Jeff Atwood is up to his old tricks. He’s succinctly reminds me of why I read his blog so religiously (though like religion, I tend to be a cynic and not agree with everything he says). I read the McConnell books a billion years ago and have forgotten about this excellent analogy of painting the dog house.

Essentially it is saying that building a small project may require you to make a lot of shortcuts if time is of the essence. It is ok to make these shortcuts knowing that we will need to re-paint the dog house one day.  Fido can live with rusty nails and flaky paint. On the other hand if you are painting a 747, you better get it right.

This is a basic issue with RAD development versus large project development. Development of any kind has to weigh the cost of any part of the project (including planning, isolation, containment, requirement gathering, bug testing, etc.) against the benefits.  Unlike the analogy, the reality is that there is a wide ranging curve between the dog house and the 747. Most projects need some level of software engineering and process to get it right, but at the same time most projects require shortcuts to fit into schedule, skill set and feature set. That is the reality of software development…always has been.

Building reusable libraries, services and widgets takes time to get right and sometimes one-offing a feature is a better idea.
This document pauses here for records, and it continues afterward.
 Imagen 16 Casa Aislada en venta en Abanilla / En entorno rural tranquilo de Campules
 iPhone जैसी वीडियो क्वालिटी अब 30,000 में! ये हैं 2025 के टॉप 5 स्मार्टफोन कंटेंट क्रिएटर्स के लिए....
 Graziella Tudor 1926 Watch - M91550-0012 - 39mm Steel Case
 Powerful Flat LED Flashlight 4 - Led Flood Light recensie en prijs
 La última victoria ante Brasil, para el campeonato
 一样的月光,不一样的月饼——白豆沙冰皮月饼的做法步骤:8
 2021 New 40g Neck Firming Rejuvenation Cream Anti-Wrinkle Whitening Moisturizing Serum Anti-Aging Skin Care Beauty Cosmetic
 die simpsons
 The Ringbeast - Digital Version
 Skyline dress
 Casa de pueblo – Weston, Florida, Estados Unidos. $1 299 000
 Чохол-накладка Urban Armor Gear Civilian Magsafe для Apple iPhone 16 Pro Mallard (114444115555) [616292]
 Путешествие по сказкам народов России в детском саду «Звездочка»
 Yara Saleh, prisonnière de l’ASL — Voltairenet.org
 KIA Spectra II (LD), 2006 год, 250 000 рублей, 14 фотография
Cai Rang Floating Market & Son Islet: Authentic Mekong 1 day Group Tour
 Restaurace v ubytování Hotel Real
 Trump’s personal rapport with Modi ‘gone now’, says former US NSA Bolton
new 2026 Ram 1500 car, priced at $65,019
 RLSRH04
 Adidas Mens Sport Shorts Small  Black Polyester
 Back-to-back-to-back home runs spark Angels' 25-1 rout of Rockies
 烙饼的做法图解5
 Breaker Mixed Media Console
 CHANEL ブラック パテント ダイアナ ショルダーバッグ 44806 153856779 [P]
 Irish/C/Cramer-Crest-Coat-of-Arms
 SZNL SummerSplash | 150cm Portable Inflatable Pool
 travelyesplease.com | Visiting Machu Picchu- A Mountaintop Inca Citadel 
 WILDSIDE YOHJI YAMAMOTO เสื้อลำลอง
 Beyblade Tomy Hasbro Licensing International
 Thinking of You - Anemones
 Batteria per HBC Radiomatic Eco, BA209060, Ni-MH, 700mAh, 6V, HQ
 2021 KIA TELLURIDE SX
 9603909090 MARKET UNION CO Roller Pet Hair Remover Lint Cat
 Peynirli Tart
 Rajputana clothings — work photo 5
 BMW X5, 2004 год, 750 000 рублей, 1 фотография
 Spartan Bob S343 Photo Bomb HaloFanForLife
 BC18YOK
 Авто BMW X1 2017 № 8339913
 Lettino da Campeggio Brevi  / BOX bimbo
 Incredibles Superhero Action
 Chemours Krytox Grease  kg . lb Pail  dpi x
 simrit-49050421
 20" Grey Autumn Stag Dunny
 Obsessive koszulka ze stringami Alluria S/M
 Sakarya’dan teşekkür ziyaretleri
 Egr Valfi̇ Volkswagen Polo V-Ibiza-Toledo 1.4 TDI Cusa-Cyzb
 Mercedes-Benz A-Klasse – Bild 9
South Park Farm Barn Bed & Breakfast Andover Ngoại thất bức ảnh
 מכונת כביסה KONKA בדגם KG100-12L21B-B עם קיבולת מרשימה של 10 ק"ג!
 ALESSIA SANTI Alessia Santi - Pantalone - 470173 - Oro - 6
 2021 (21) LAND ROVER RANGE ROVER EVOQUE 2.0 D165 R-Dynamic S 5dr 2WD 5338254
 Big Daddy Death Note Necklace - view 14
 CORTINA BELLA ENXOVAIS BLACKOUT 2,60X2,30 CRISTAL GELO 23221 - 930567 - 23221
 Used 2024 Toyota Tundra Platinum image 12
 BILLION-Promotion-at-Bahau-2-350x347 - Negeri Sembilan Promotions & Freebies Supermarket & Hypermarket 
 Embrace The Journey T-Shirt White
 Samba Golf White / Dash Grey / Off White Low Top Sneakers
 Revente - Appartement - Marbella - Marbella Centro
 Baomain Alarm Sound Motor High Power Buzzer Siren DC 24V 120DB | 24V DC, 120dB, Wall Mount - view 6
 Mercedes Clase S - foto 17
But unlike painting, sometimes refactoring can help in big ways.  Once you get the thick paint on the dog house, you usually will have to peel, primer and repaint to get it right.  Software development is not always that way. Sometimes thoughtful shortcuts that can be refactored are the correct middle-ground. That’s been my experience…especially the last few years as lines of code have become easier to write (e.g. fewer memory leaking searches, less ref counting fiascos, etc.).

Steve and Jeff are both right that you can easily turn a good project into a bad with inadvertent management decisions, but it is not quite that black and white.

What do you think?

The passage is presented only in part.